"The combination of growing urbanisation and a large, increasingly educated youth population will drive major change," Clare Short said of sub-Saharan Africa
LONDON (TrustLaw) – Corruption and unemployment in sub-Saharan Africa risk causing popular uprisings like those seen during the Arab Spring, the UK’s former Secretary of State for International Development Clare Short has said.
Over the past year anti-government protests across the Middle East have toppled leaders in Tunisia, Egypt and Libya, while Yemen’s president has pledged to step down and Syria’s president is under pressure to do the same.
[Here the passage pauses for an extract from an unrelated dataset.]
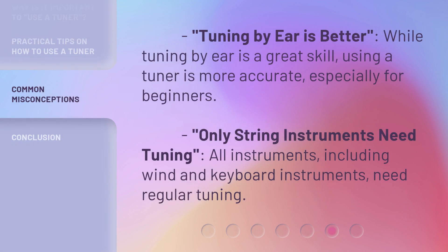Common misconceptions: 'Tuning by ear is better' — while tuning by ear is a great skill, using a tuner is more accurate, especially for beginners. 'Only string instruments need tuning' — all instruments, including wind and keyboard instruments, need regular tuning.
And in sub-Saharan Africa’s Nigeria, fears that the democratic government’s plans to remove a fuel subsidy would stoke corruption led to mass protests this month.
“Anger at corruption (and), a lack of justice and dignity was the major driver of the Arab Spring... it is not unlikely that such forces will produce a similar reaction across wider parts of Africa,” said Short, a patron of the Centre for the Study of Governance and Transparency, which organised last week’s Second Oxford Anti-Corruption Conference at the University of Oxford.
In both the Arab world and sub-Saharan Africa, resentment towards governments has been spurred by high youth unemployment, namely among university graduates, she said, citing a July speech by African Development Bank President Donald Kaberuka.
“My own conclusion is that the combination of growing urbanisation and a large, increasingly educated youth population will drive major change,” Short said of sub-Saharan Africa.
“The consequences will be turbulent and they will most probably lead to major reform and greater social justice but of course, if there isn’t progress, it could be much (uglier) than that,” she added.
Western countries must share some of the responsibility for the frustrations that led to the Arab Spring, Short said, as it was Western support for many of the now-deposed leaders that had kept them in power for so long.
“In the Arab world in particular, Western countries have colluded in propping up corrupt dictatorships which they have seen as crucial to their self-interest because of their need for access to oil,” Short told the conference.
The Arab Spring is not over, she said.
“There’s more to do of course in the Arab world but its ramifications for Africa are very powerful and I don’t think they’ve been played out,” she added.